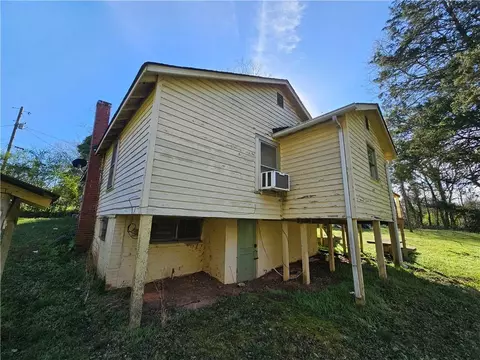 Exterior - 129 Brady St, Toccoa, GA 30577 photo 3 of 7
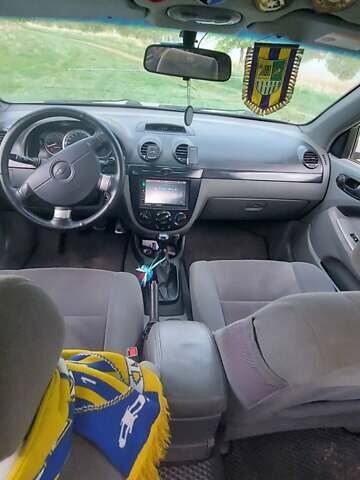 Серый Шевроле Лачетти, объемом двигателя 1.6 л и пробегом 220 тыс. км за 4800 $, фото 12 на Automoto.ua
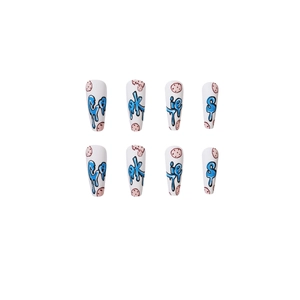Faux ongles longs forme cercueil avec fini blanc mat et design graffiti cookies bleu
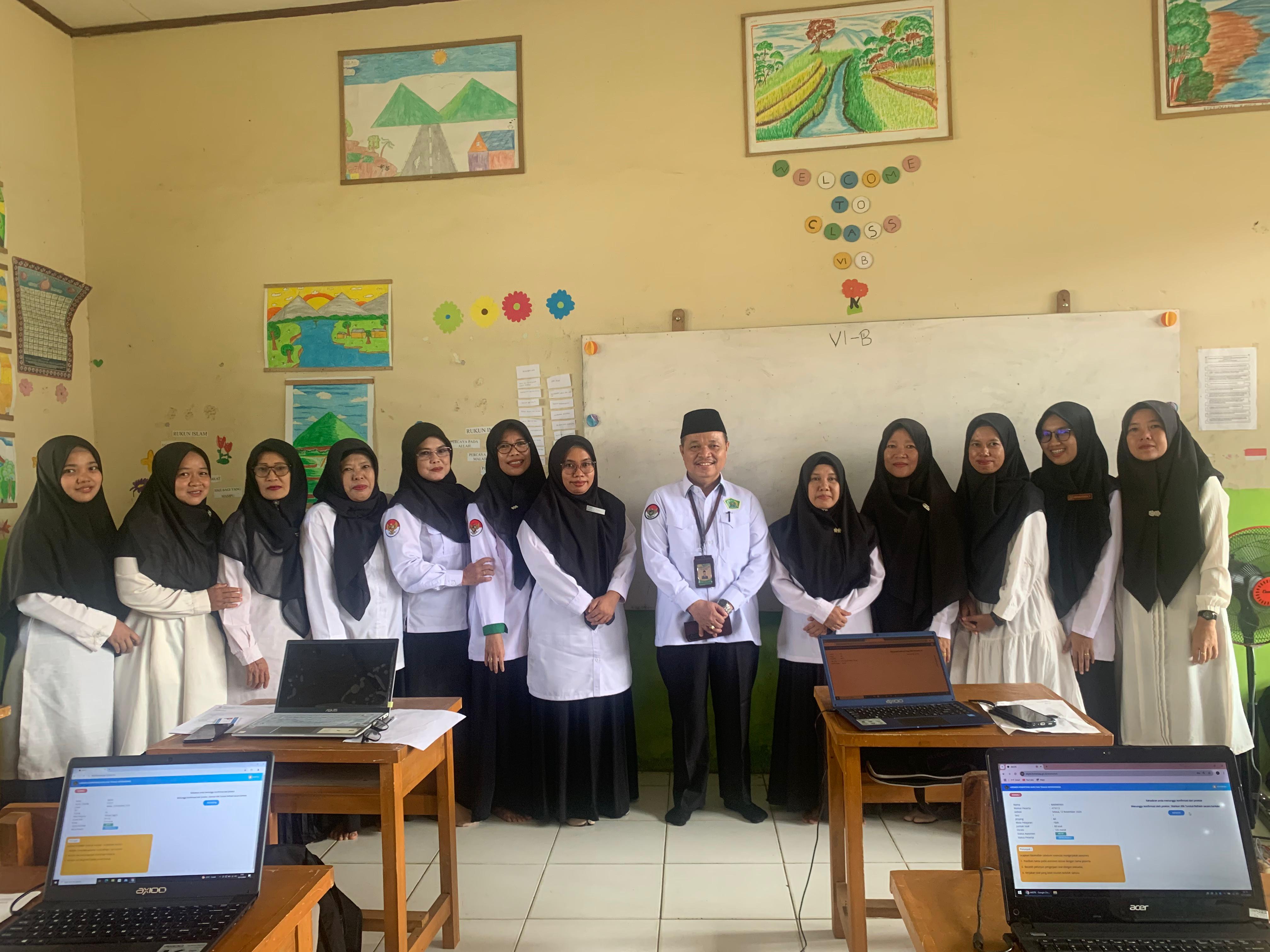 Guru MTsN 1 Muaro Jambi Semangat Mengikuti AKGTK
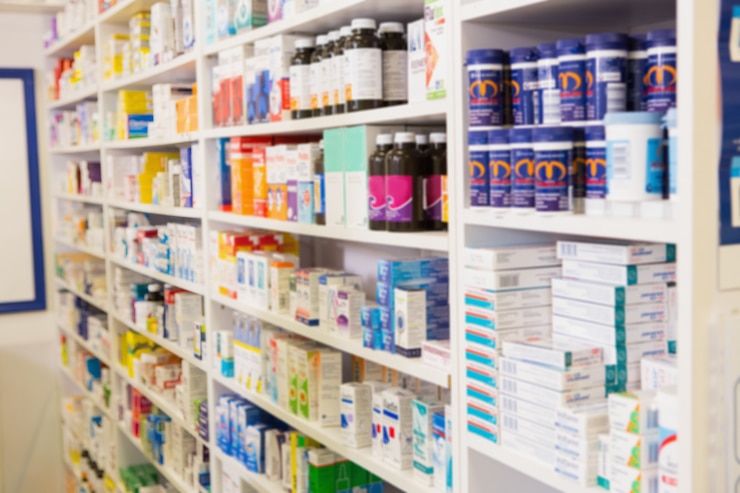 Photo close up of shelves of drugs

_ _ _ _ _ _ _

Would you transcribe all of the data exactly, omitting any pictures?

▸ Answer section:
 Exterior - 129 Brady St, Toccoa, GA 30577 photo 3 of 7
 Серый Шевроле Лачетти, объемом двигателя 1.6 л и пробегом 220 тыс. км за 4800 $, фото 12 на Automoto.ua
Faux ongles longs forme cercueil avec fini blanc mat et design graffiti cookies bleu
 Guru MTsN 1 Muaro Jambi Semangat Mengikuti AKGTK
 Photo close up of shelves of drugs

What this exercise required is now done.